- [Work instructions]: From the material below, please set down exactly the lines starting with the one with "Police Car Chase - Cop Simulator截图6" and going on through the one with "Image produit Harry", without a single picture.

- [Records for this task]:
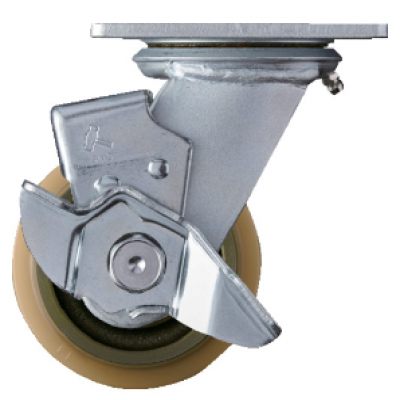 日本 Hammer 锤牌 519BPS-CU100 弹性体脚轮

---

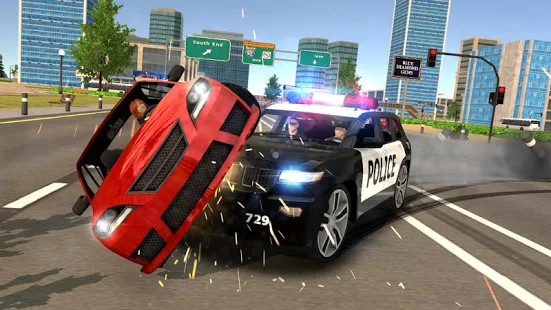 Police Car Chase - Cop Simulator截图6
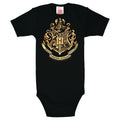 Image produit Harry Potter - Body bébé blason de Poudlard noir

- [Exercise response]:
 Police Car Chase - Cop Simulator截图6
 Image produit Harry Potter - Body bébé blason de Poudlard noir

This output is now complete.